Without including any pictures, retype exactly the lines from the top of the records through the line containing "mockup of white plastic cans on a multicolored background mockup", that final line included.

------------------------------

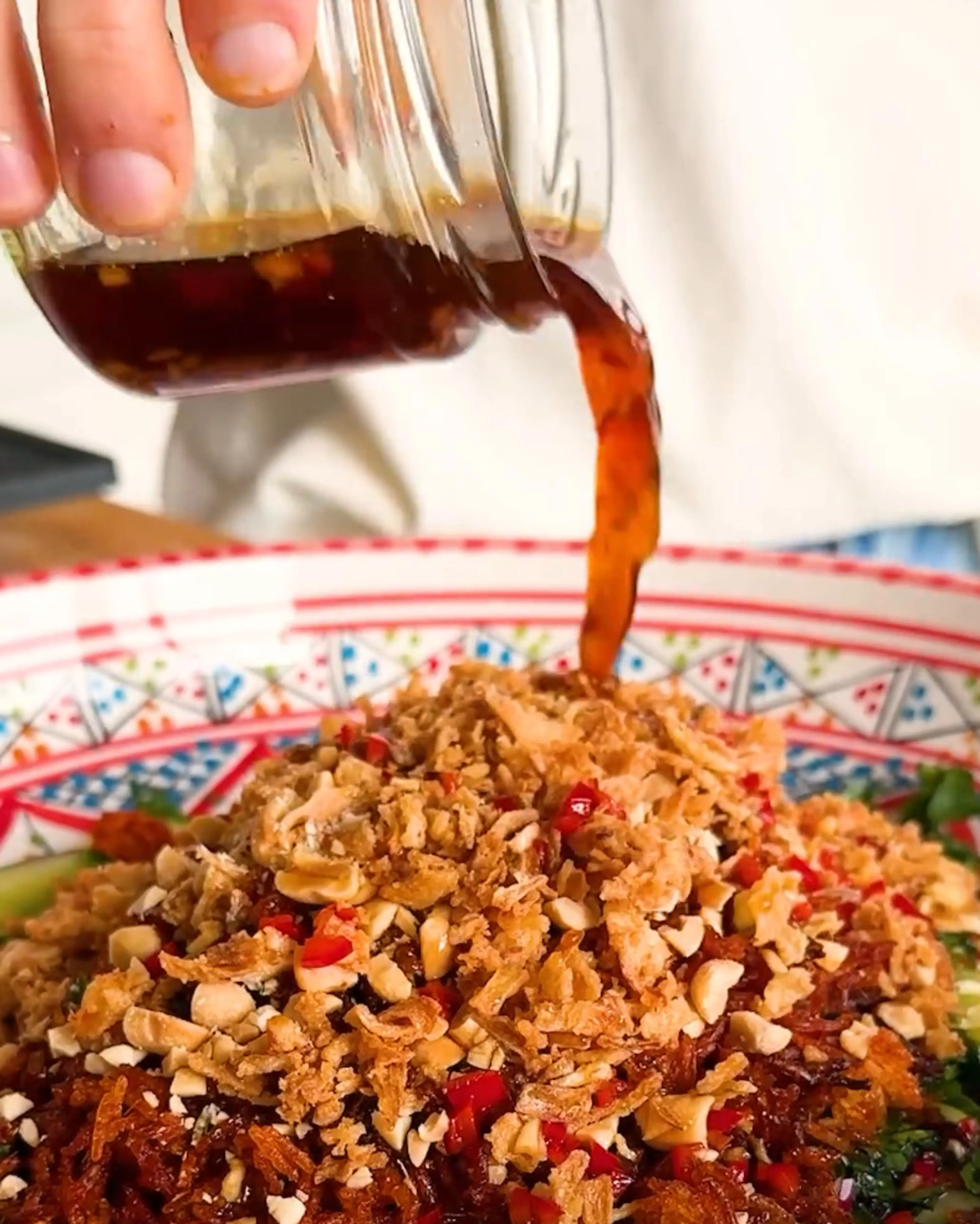 Crispy Thai Rice Cucumber Salad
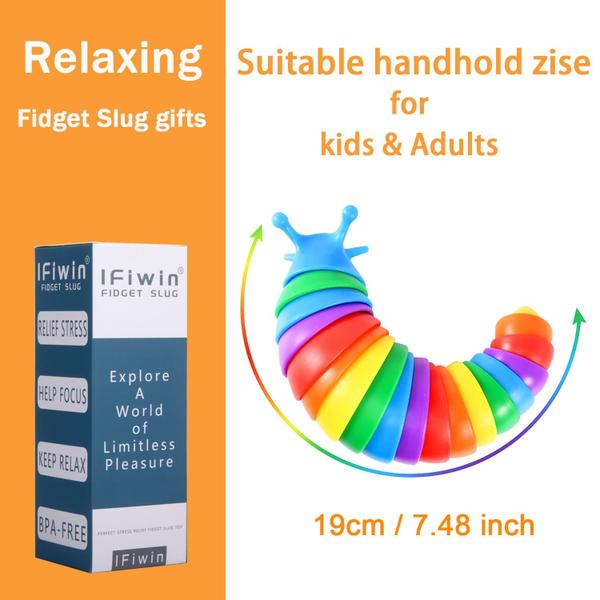 Imagem de Brinquedos Fidget Slug iFiWin Sensory para crianças e adultos autistas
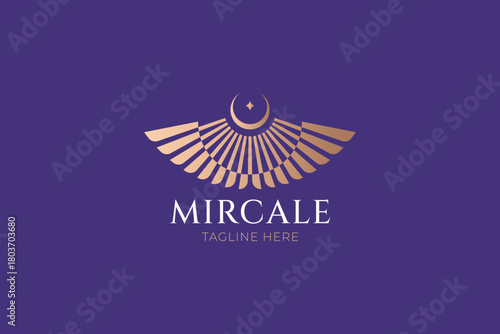 Abstract Crescent Moon Light and Wings Logo Sign Symbol Miracle and Mystical Night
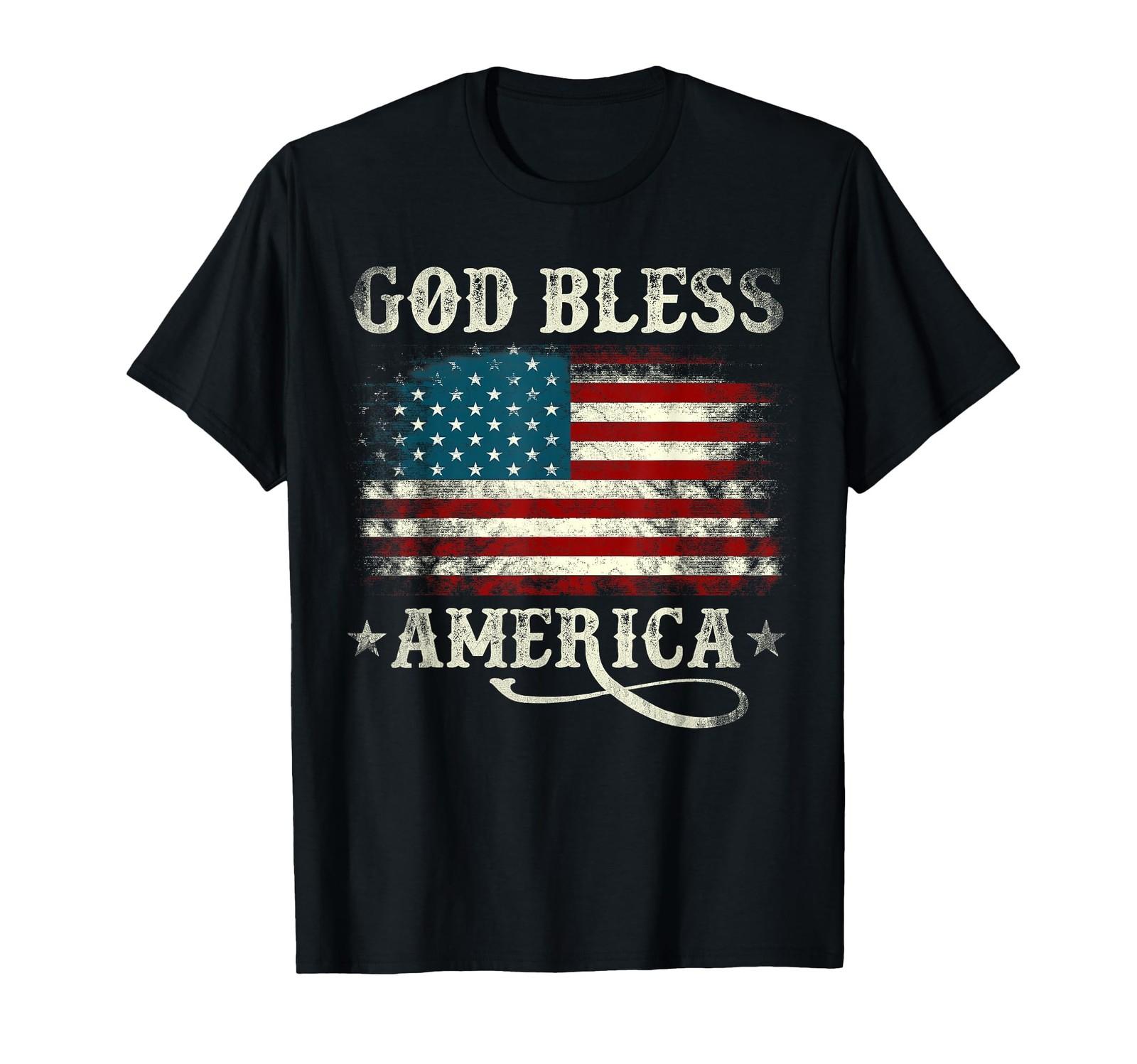 God Bless America USA Flag 4th of July Patriotic Men Women T-Shirt S
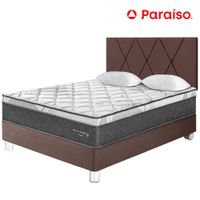 Dormitorio PARAISO Pocket Star 2 Plazas + Cabecera Loft Chocolate + 2 Almohadas + 1 Protector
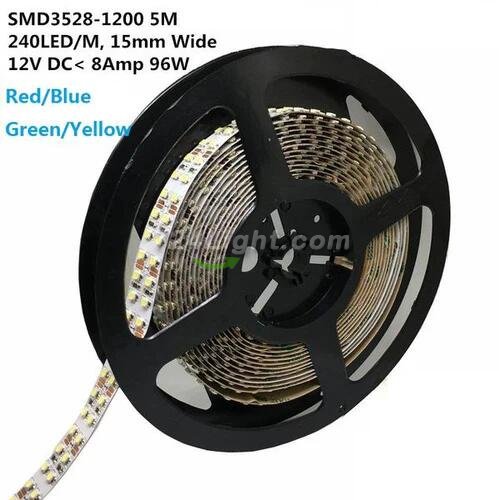 12V Red/Blue/Green/Yellow Dimmable LED Strip Light 15mm Double Row SMD3528-1200 1200LM 240 LEDs/Mtr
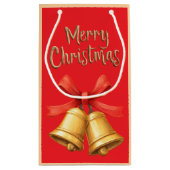 Elegant Christmas Bells Red Holiday Art スモールペーパーバッグ (裏面)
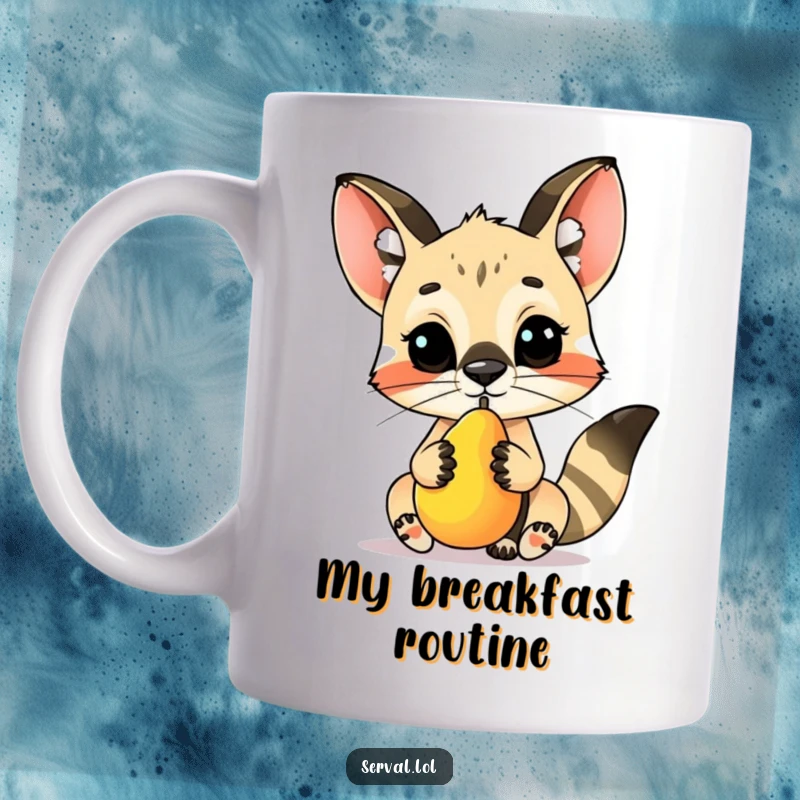 Funny serval character mug, skillfully balancing a small, colorful fruit perfectly on its cute nose, looking proud.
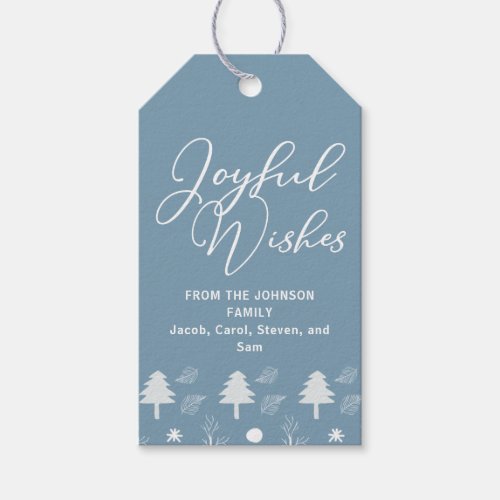 Joyful Wishes Slate Blue Christmas Trees Custom Gift Tags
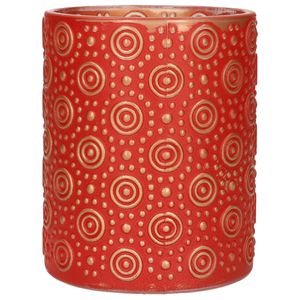 Luxe theelichthouder/kaarsenhouder - rood/goud - glas - D10 x H12 cm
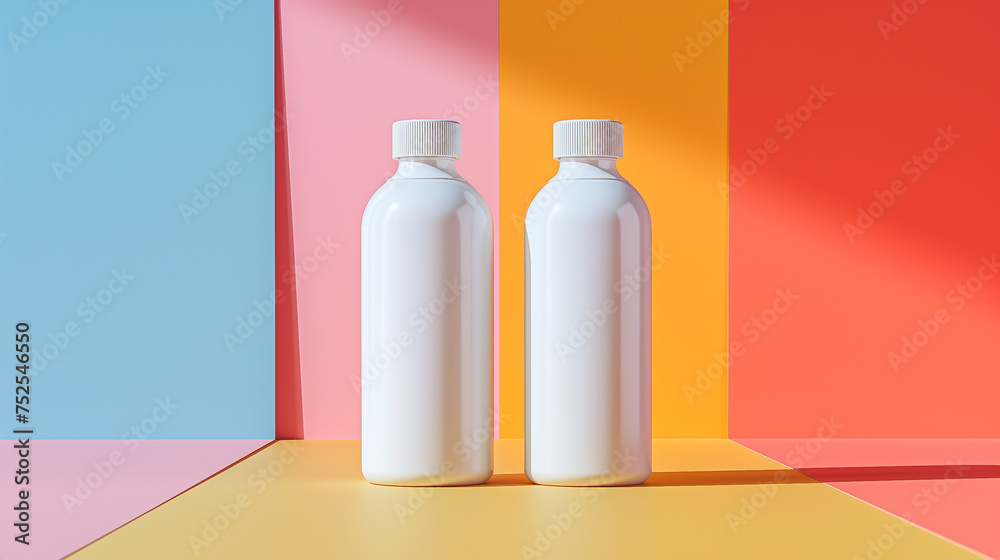 mockup of white plastic cans on a multicolored background mockup of white plastic cans on a multicolored background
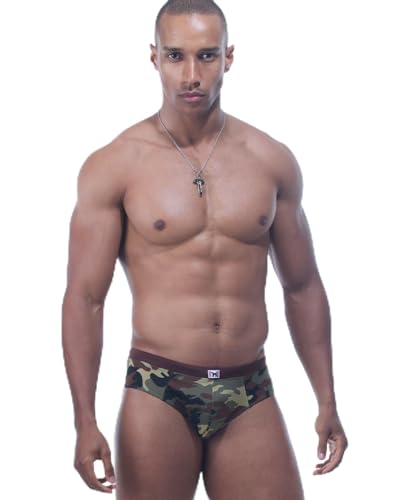 Slip homme vert camo large avec ceinture élastique et maintien durable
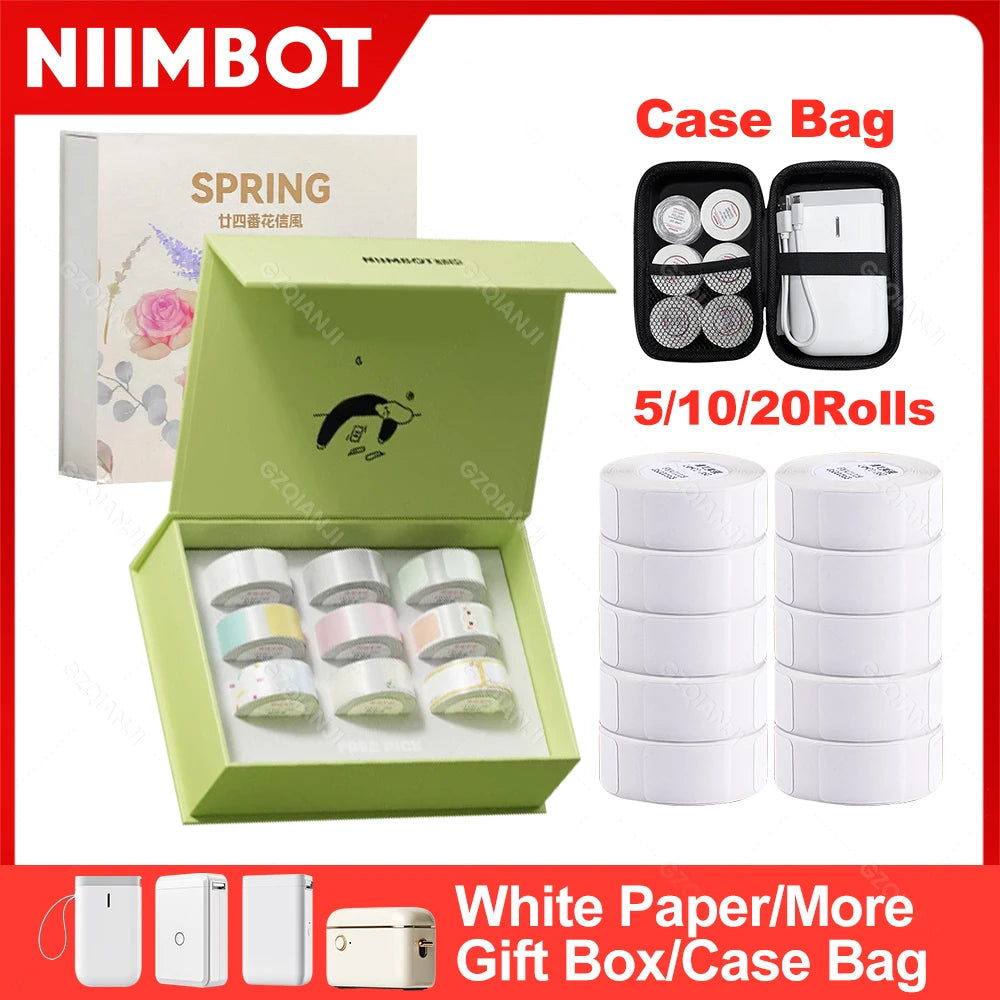 Niimbot D110 D11 Thermal Label Paper Rolls & Case Bag Set Thermal Label Paper PRIMED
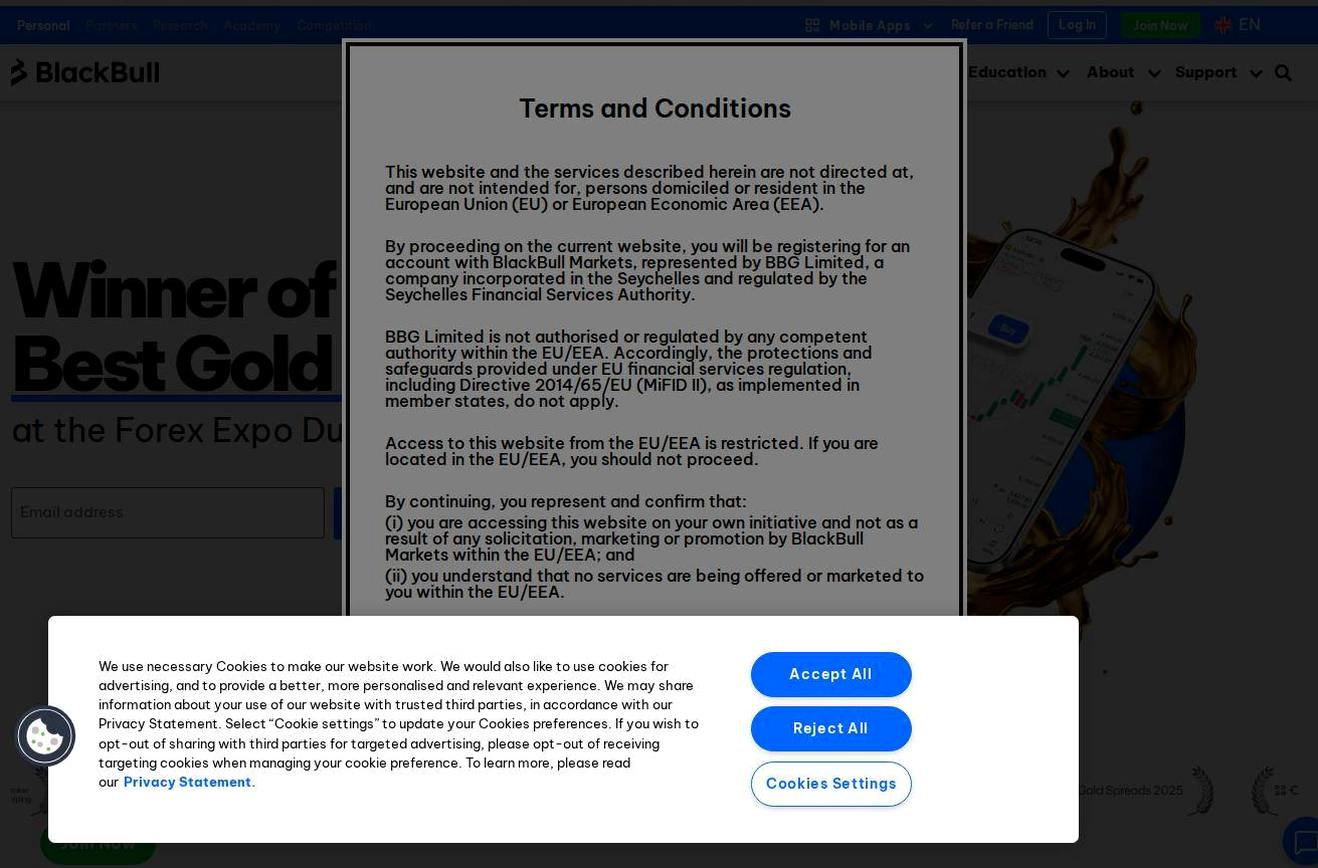 Screenshot of the BlackBull Markets website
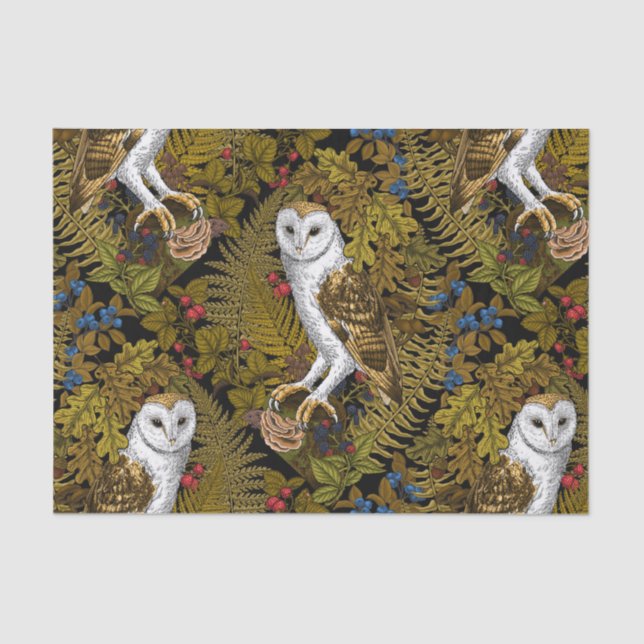 Owls, ferns, oak and berries 2 tissue paper (Front)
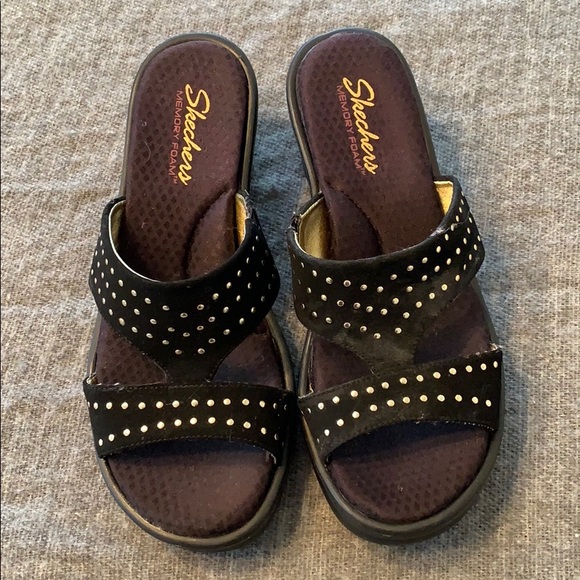 Skechers Shoes - Skechers Memory Foam Sandals 2.5 inch heels EUC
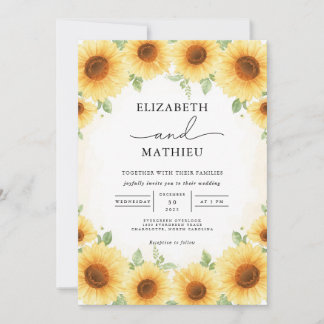 Invitación Boda de Golden Sunflower Autumance Romance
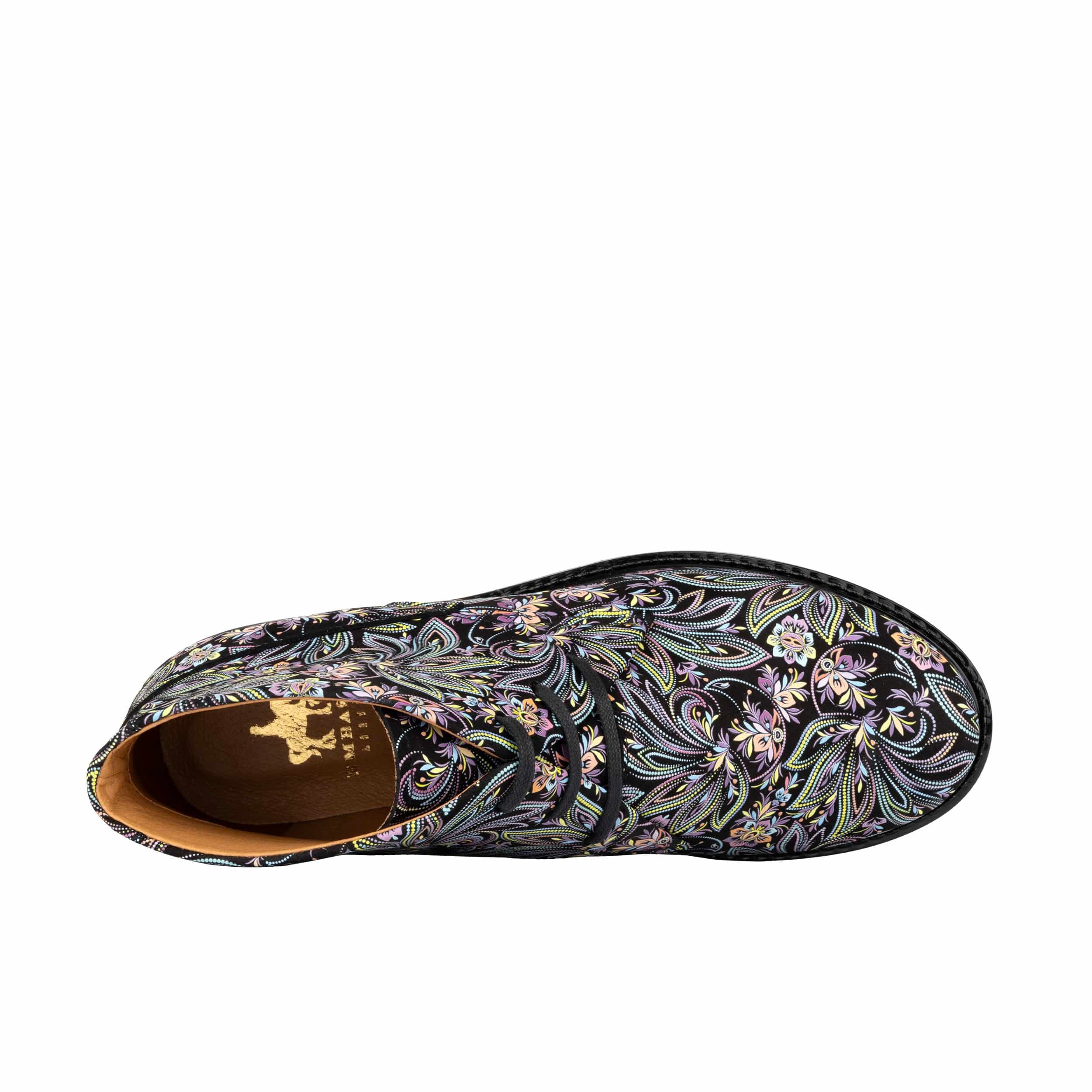 Laviva - Dark Floral - Women's Leather Round Toe Ankle Boot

------------------------------

- **EXERCISE SOLUTION**:
 Crispy Thai Rice Cucumber Salad
 Imagem de Brinquedos Fidget Slug iFiWin Sensory para crianças e adultos autistas
 Abstract Crescent Moon Light and Wings Logo Sign Symbol Miracle and Mystical Night
 God Bless America USA Flag 4th of July Patriotic Men Women T-Shirt S
 Dormitorio PARAISO Pocket Star 2 Plazas + Cabecera Loft Chocolate + 2 Almohadas + 1 Protector
 12V Red/Blue/Green/Yellow Dimmable LED Strip Light 15mm Double Row SMD3528-1200 1200LM 240 LEDs/Mtr
 Elegant Christmas Bells Red Holiday Art スモールペーパーバッグ (裏面)
 Funny serval character mug, skillfully balancing a small, colorful fruit perfectly on its cute nose, looking proud.
 Joyful Wishes Slate Blue Christmas Trees Custom Gift Tags
 Luxe theelichthouder/kaarsenhouder - rood/goud - glas - D10 x H12 cm
 mockup of white plastic cans on a multicolored background mockup of white plastic cans on a multicolored background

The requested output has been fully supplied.